3. Your machine should detect that Autopilot has been enrolled and take you to a Microsoft 365 login screen. Enter your user details and click Next. Enter your password and click Sign in.

   You may briefly see a screen that says Please wait while we set up your device.

   At this point, the ESP we configured earlier will run:

Figure 4.12 – ESP screen

4. Once completed, as we have previously configured Windows Hello, you will be prompted to configure it. Click OK.

   After completion, you will be sent to the desktop, where you will see that your previous OneDrive policy has worked and that the app has automatically signed in:

Figure 4.13 – Windows 11 start screen

Congratulations – you have configured and enrolled your first Windows device into Intune and Autopilot!

There’s more…

As mentioned earlier, a device can also be pre-provisioned, which pre-installs any device-targeted apps as well as applies any policies at the device level.
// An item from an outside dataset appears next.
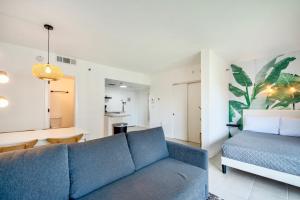 a living room with a blue couch and a table at Studio near Universal Studios with great view in Orlando +17 photos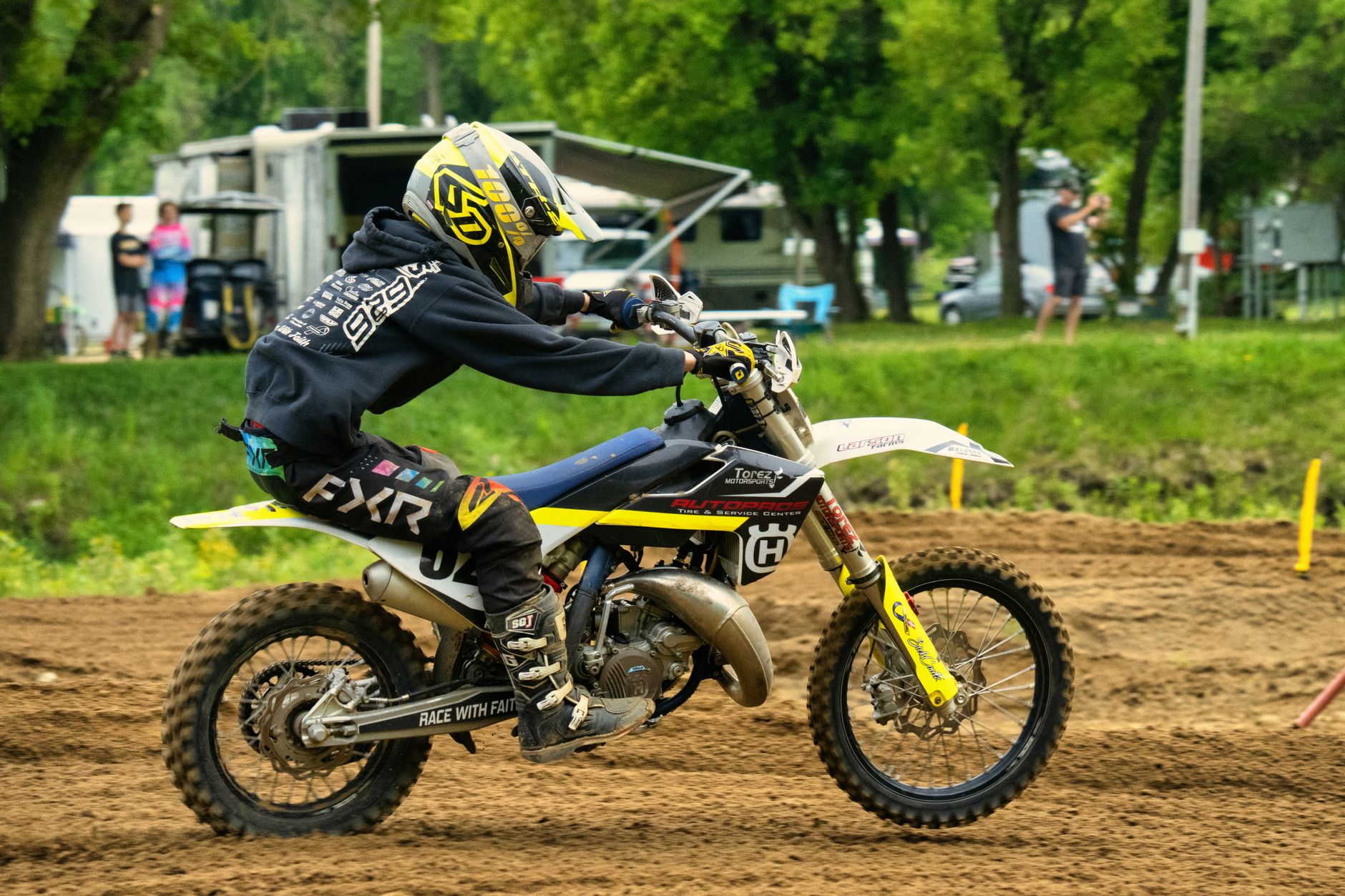 Close-up of a motocross racer speeding on a dirt track in Millville, MN.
This can be useful for quicker deployments where some larger apps are required, or for users on lower bandwidth connections.

It is worth remembering that if you pre-provision a device and an application is updated, it will update itself when the user logs in, so keep an eye on how long devices are left before being deployed.

Important note

This requires TPM attestation, so it cannot be tested on a virtual machine.

Follow these steps to pre-provision a device:

1. To pre-provision a machine, after adding it to Autopilot, on the login screen, press the Windows key five times; this will take you to the following screen. Click Pre-provision with Windows Autopilot and then Next:

Figure 4.14 – The pre-provision menu

The device will check for updates.

2. When you are presented with the following screen, click Next:

Figure 4.15 – Pre-provision check

You will now see the same ESP screen as before.

3. Once you have done this, click Reseal:

Figure 4.16 – Reseal

With that, we have enrolled our first device into Autopilot and also learned how to use pre-provisioning to pre-configure devices for our users.